─── GIVEN RECORDS

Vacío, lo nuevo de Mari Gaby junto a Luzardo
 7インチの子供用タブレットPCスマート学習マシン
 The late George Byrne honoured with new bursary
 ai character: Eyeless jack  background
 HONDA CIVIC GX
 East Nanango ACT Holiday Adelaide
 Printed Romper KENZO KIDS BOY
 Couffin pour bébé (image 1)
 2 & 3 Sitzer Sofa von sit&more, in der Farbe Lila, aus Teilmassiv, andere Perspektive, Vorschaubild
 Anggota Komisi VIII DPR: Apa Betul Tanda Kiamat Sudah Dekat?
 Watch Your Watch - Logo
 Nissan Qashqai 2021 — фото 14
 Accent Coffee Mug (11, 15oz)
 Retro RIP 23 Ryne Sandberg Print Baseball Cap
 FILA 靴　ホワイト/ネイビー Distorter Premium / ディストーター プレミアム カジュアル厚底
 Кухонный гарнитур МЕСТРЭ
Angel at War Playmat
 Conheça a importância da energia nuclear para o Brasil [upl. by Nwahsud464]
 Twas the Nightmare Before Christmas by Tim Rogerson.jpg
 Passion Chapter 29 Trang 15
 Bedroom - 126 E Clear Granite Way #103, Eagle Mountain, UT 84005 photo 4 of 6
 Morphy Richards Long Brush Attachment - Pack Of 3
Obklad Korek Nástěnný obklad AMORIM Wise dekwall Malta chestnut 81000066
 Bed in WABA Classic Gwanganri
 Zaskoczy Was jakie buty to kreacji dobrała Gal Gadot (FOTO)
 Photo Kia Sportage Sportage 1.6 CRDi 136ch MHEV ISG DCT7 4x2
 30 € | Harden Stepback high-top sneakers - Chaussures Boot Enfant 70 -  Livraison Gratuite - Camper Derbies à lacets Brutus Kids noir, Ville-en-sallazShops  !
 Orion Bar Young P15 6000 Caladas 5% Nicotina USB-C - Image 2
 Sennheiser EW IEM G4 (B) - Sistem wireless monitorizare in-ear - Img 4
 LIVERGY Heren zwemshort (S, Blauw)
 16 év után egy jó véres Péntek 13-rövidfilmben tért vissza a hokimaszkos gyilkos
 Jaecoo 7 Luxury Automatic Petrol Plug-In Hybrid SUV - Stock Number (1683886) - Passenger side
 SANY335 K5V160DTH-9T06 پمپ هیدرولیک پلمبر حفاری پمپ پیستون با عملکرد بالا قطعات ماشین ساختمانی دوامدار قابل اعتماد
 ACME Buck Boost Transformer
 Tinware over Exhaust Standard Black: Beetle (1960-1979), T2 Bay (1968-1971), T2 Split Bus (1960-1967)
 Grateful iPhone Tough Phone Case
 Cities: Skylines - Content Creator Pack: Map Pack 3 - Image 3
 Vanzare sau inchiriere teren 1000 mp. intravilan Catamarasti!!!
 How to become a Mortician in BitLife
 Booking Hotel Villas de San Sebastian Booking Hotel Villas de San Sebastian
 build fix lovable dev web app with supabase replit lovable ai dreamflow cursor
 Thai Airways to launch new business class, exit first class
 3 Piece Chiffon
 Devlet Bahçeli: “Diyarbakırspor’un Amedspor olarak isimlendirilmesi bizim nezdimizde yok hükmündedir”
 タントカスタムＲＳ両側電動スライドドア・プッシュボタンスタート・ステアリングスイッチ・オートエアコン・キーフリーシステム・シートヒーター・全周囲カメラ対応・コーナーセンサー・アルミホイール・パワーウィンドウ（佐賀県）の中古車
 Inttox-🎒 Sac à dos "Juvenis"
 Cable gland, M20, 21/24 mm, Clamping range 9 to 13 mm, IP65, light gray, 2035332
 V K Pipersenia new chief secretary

──────

> WORK INSTRUCTION
Exact duplication is required for the lines above, from the line that contains "The late George" to the line that contains "Orion Bar Young", inclusive; omit all others.

> RESPONSE TO THE EXERCISE
 The late George Byrne honoured with new bursary
 ai character: Eyeless jack  background
 HONDA CIVIC GX
 East Nanango ACT Holiday Adelaide
 Printed Romper KENZO KIDS BOY
 Couffin pour bébé (image 1)
 2 & 3 Sitzer Sofa von sit&more, in der Farbe Lila, aus Teilmassiv, andere Perspektive, Vorschaubild
 Anggota Komisi VIII DPR: Apa Betul Tanda Kiamat Sudah Dekat?
 Watch Your Watch - Logo
 Nissan Qashqai 2021 — фото 14
 Accent Coffee Mug (11, 15oz)
 Retro RIP 23 Ryne Sandberg Print Baseball Cap
 FILA 靴　ホワイト/ネイビー Distorter Premium / ディストーター プレミアム カジュアル厚底
 Кухонный гарнитур МЕСТРЭ
Angel at War Playmat
 Conheça a importância da energia nuclear para o Brasil [upl. by Nwahsud464]
 Twas the Nightmare Before Christmas by Tim Rogerson.jpg
 Passion Chapter 29 Trang 15
 Bedroom - 126 E Clear Granite Way #103, Eagle Mountain, UT 84005 photo 4 of 6
 Morphy Richards Long Brush Attachment - Pack Of 3
Obklad Korek Nástěnný obklad AMORIM Wise dekwall Malta chestnut 81000066
 Bed in WABA Classic Gwanganri
 Zaskoczy Was jakie buty to kreacji dobrała Gal Gadot (FOTO)
 Photo Kia Sportage Sportage 1.6 CRDi 136ch MHEV ISG DCT7 4x2
 30 € | Harden Stepback high-top sneakers - Chaussures Boot Enfant 70 -  Livraison Gratuite - Camper Derbies à lacets Brutus Kids noir, Ville-en-sallazShops  !
 Orion Bar Young P15 6000 Caladas 5% Nicotina USB-C - Image 2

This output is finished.